__WHAT TO PRODUCE__: The text of every record, exactly as given and with no pictures, should be your output.

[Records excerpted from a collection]
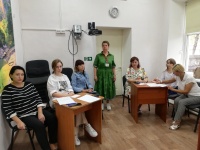 Практический семинар для педагогов-психологов образовательных организаций г. Новороссийска 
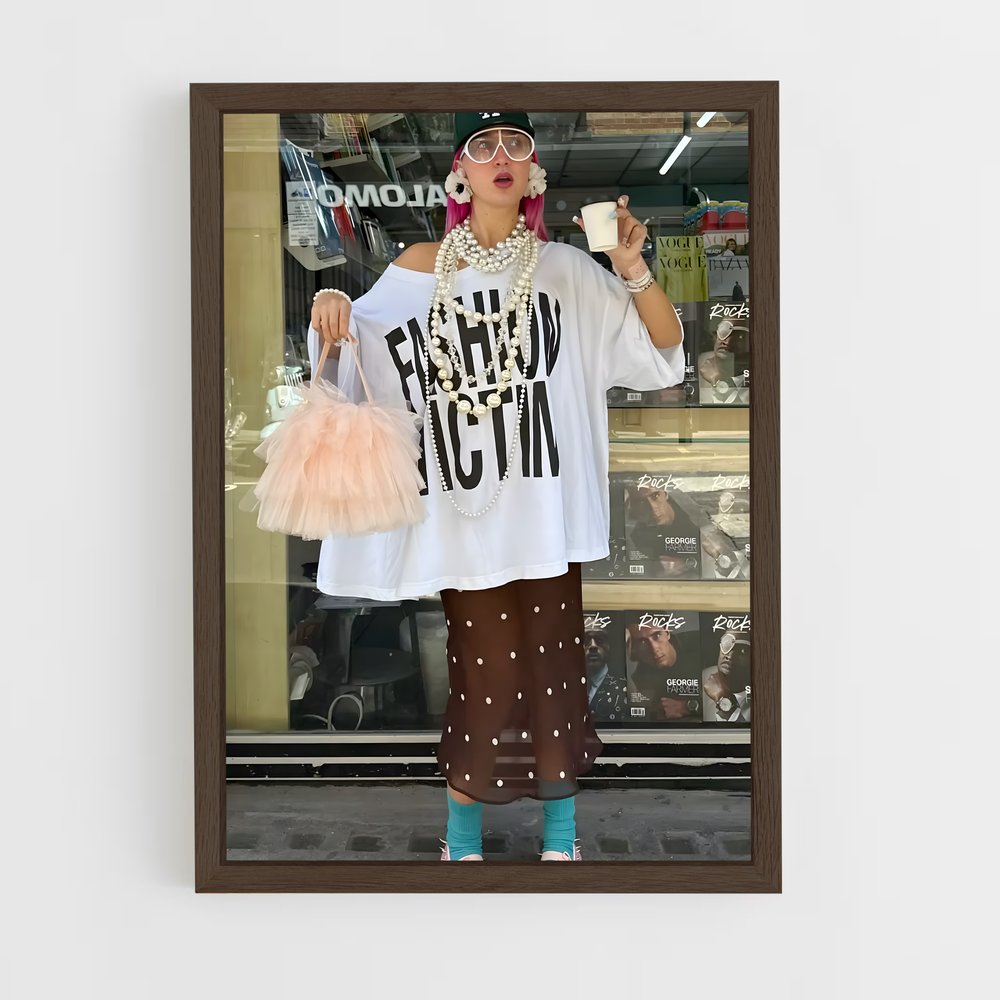 ap-maximalist fashion-3 cadre Bois foncé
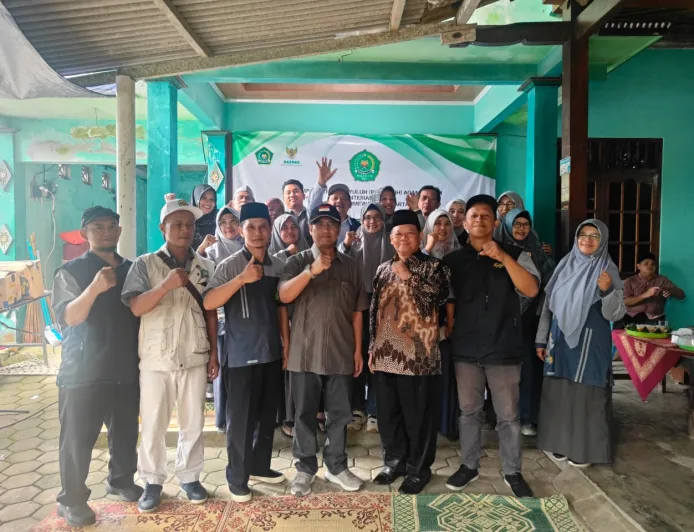 Tebar Manfaat di Iduladha, Pokjaluh Kota Yogyakarta Turut Sukseskan Bakti Sosial Pokjaluh DIY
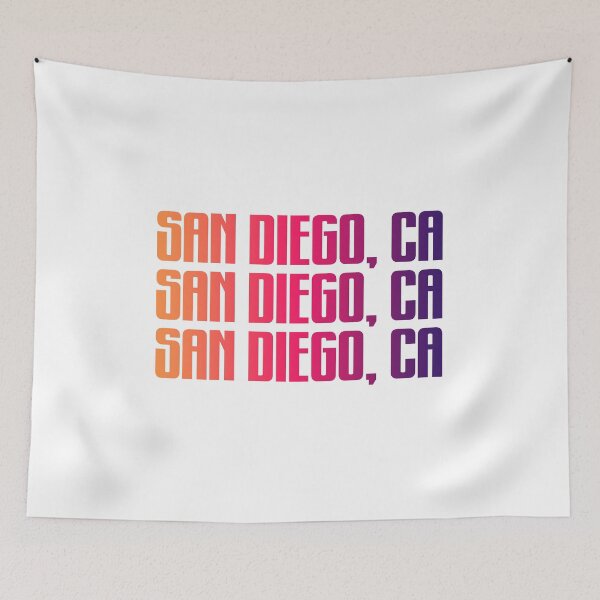 Item preview, san diego designed and sold by designsbysamantha.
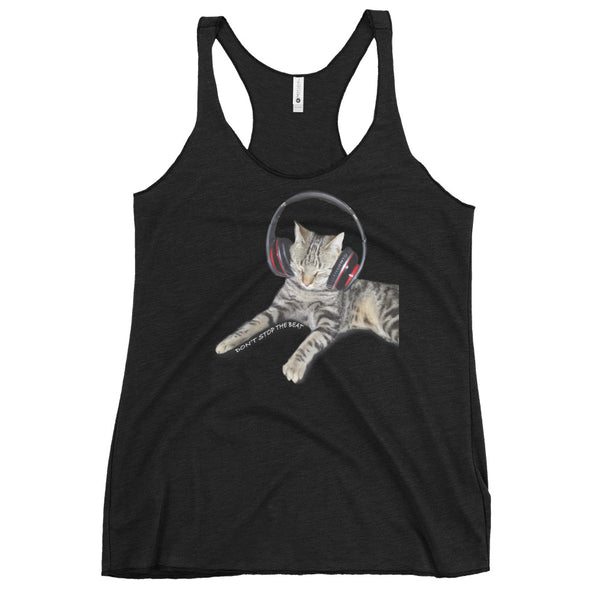 Don't Stop the Beat Kitty Tank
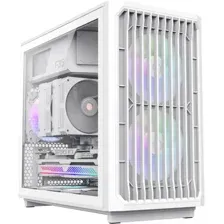 Корпус GameMax F35 WH (белый)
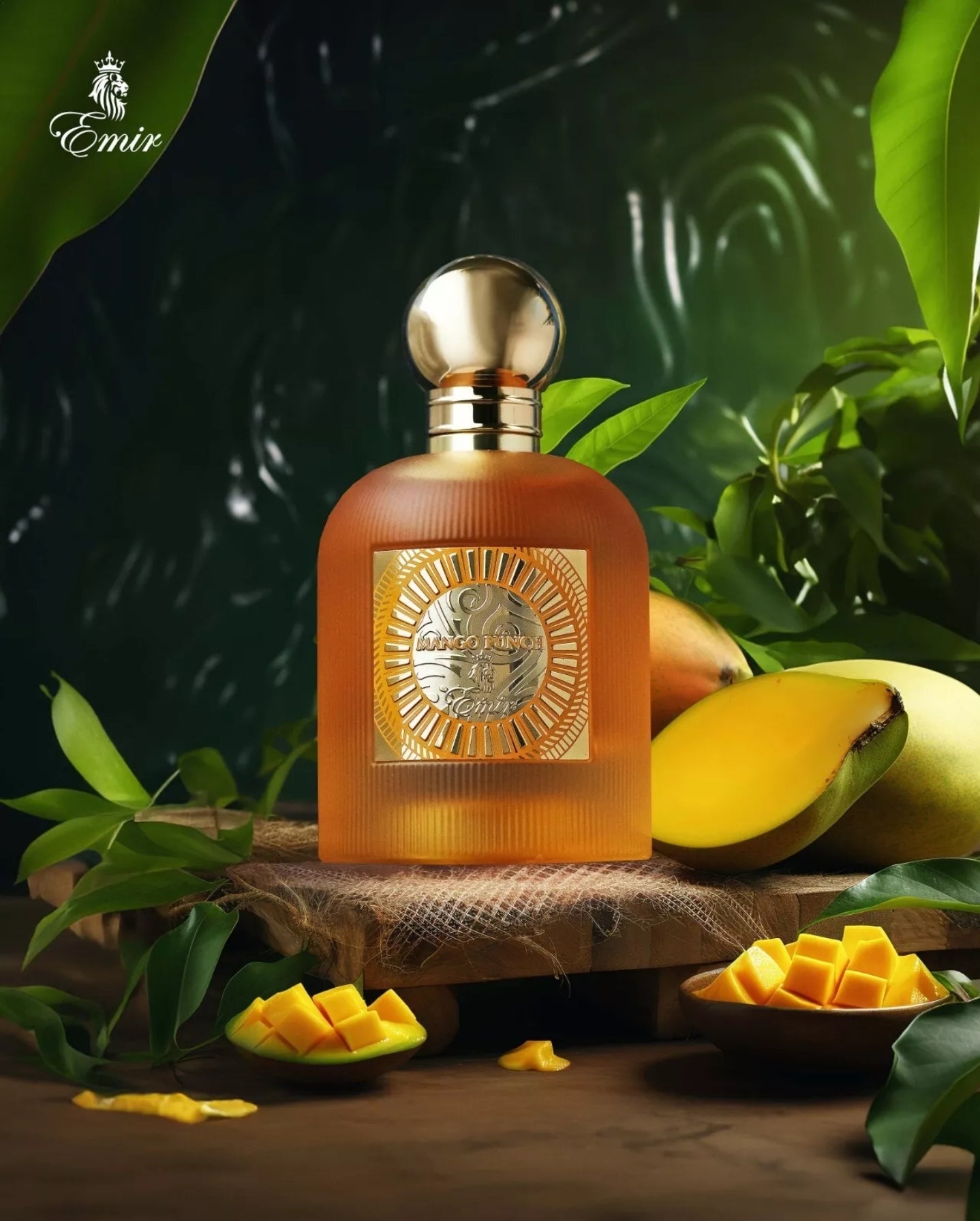 Mango Punch Eau De Parfum By Emir Paris Corner 100ML - Unisex
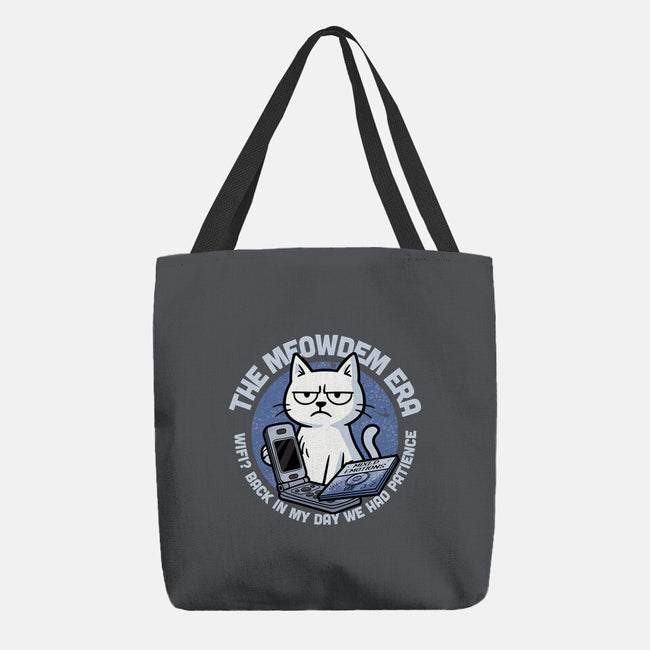 The Meowdem Era-None-Basic Tote-Bag-Lorets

__SOLUTION__:
 Практический семинар для педагогов-психологов образовательных организаций г. Новороссийска 
 ap-maximalist fashion-3 cadre Bois foncé
 Tebar Manfaat di Iduladha, Pokjaluh Kota Yogyakarta Turut Sukseskan Bakti Sosial Pokjaluh DIY
 Item preview, san diego designed and sold by designsbysamantha.
 Don't Stop the Beat Kitty Tank
 Корпус GameMax F35 WH (белый)
 Mango Punch Eau De Parfum By Emir Paris Corner 100ML - Unisex
 The Meowdem Era-None-Basic Tote-Bag-Lorets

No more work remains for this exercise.